Two linear transformations defined on same vector spaces with finite dimension. Can we say that they will have same rank?
I am given a problem that $f,g:V\to W$ be two linear transformation and $f$ and $g$ are respectively injective and surjective.
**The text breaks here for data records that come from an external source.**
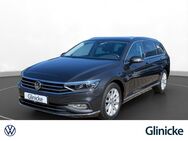 VW Passat Variant, 2.0 TDI Elegance, Jahr 2019 - Witzenhausen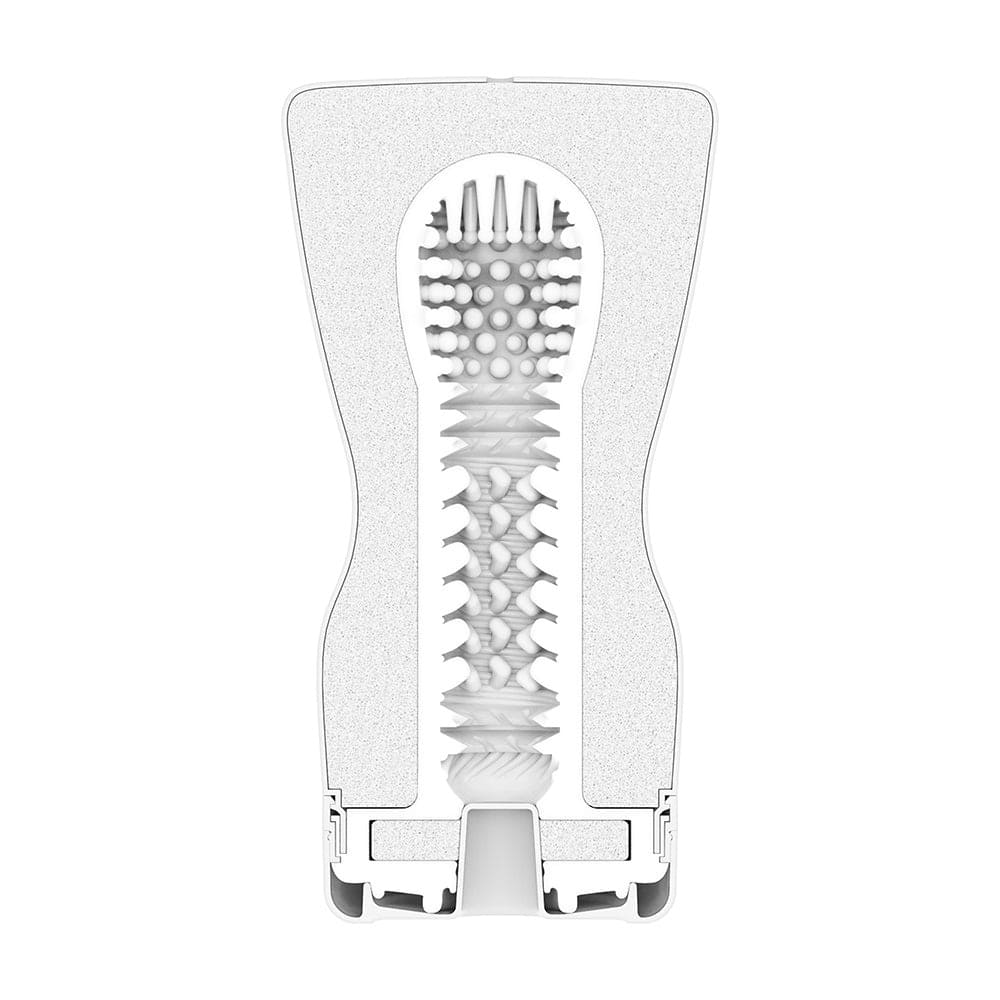 Cốc Tenga Squeeze Tube cho nam tự sướng - Nhật Bản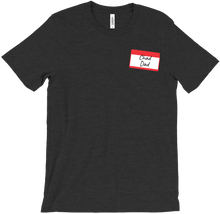 Chad Dad T-Shirt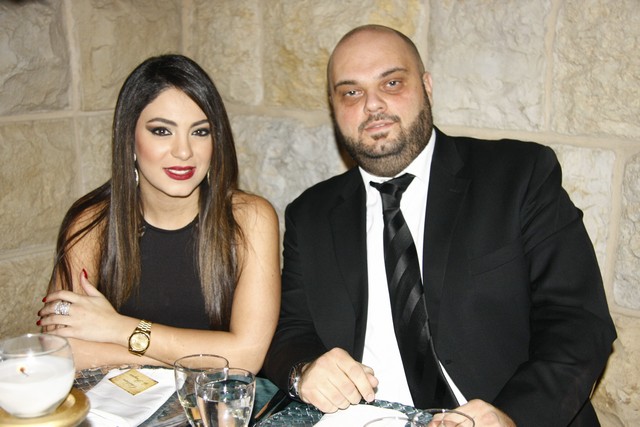 Les Lamah Wedding People 2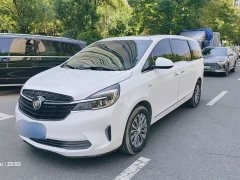 Buick GL8 Land Executive Cabin 652T Smart Luxury - ფოტო 2
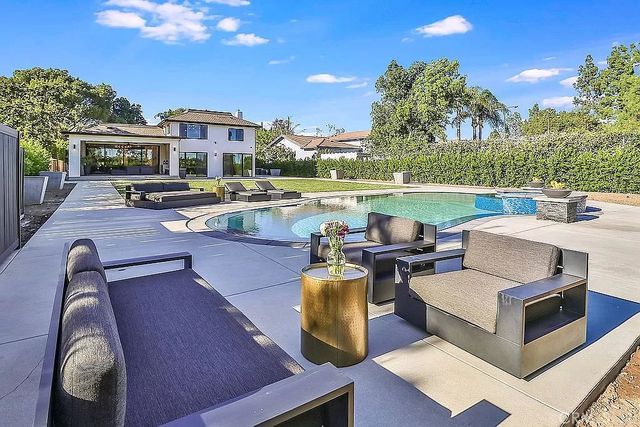 19532 Bermuda Street, Porter Ranch, CA 91326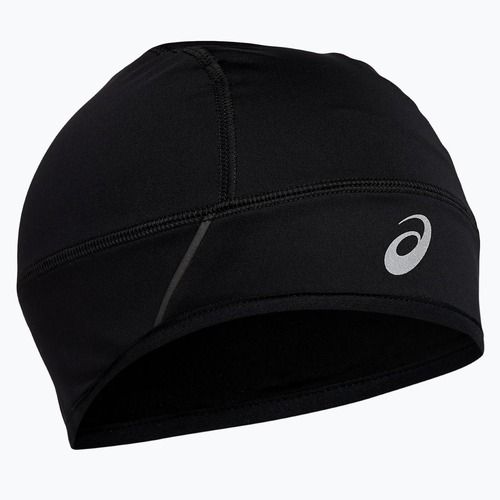 Czapka do biegania ASICS Thermal Beanie performance black
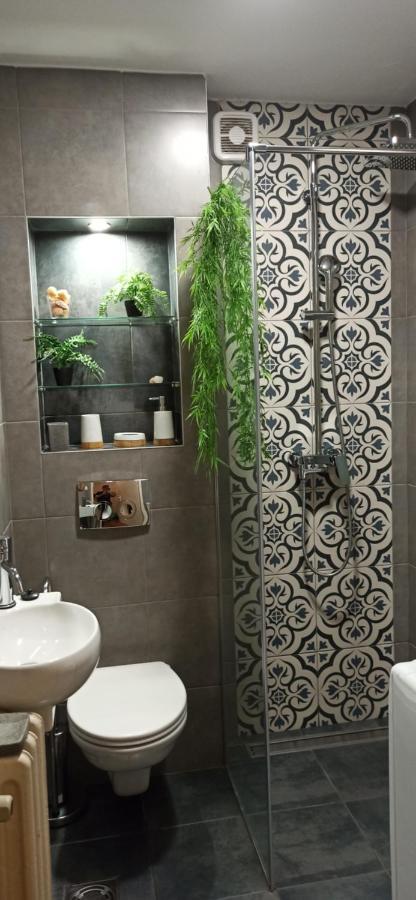 Apartman 29 Διαμέρισμα Βελιγράδι Εξωτερικό φωτογραφία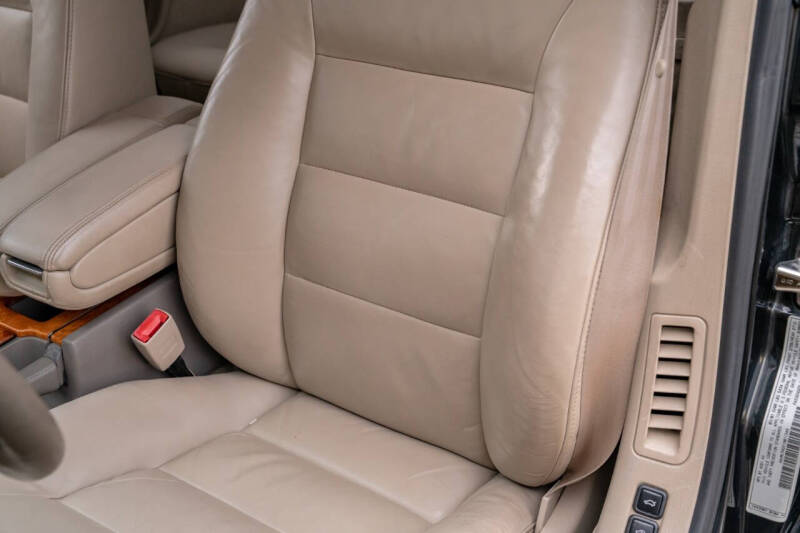 2001 Audi A8 L quattro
To prove $\dim(V)=\dim(W)$.
I am thinking it like that since f is injective $\operatorname{rank}(f)=\dim(V)$ and since $g$ is surjective $\operatorname{rank}(g)=\dim(W)$.
Then to equate both of them.....but I do not understand whether it is correct or wrong.
Since $f$ is injective, $\dim(V) \leq \dim(W)$. On the other hand, since $g$ is surjective, $\dim(V) \geq \dim(W)$. Hence $\dim(V) = \dim(W)$.
The above inequalities follow from the "Rank-Nullity Theorem":
$$ \dim(\mathrm{im}(f)) = \dim(V) - \dim(\mathrm{ker}(f)) $$
To obtain the inequalities mentioned above, note that $\dim(\mathrm{ker}(f)) = 0$ since $f$ is injective, and $\dim(\mathrm{im}(g)) = \dim(W)$ since $g$ is surjective.
They do have the same rank, because, as you say, $\dim(V) = \mathrm{rank}(f)$ and $\dim(W) = \mathrm{rank}(g)$. But you can prove that $\dim(V) = \dim(W)$ without this fact (by my reasoning above).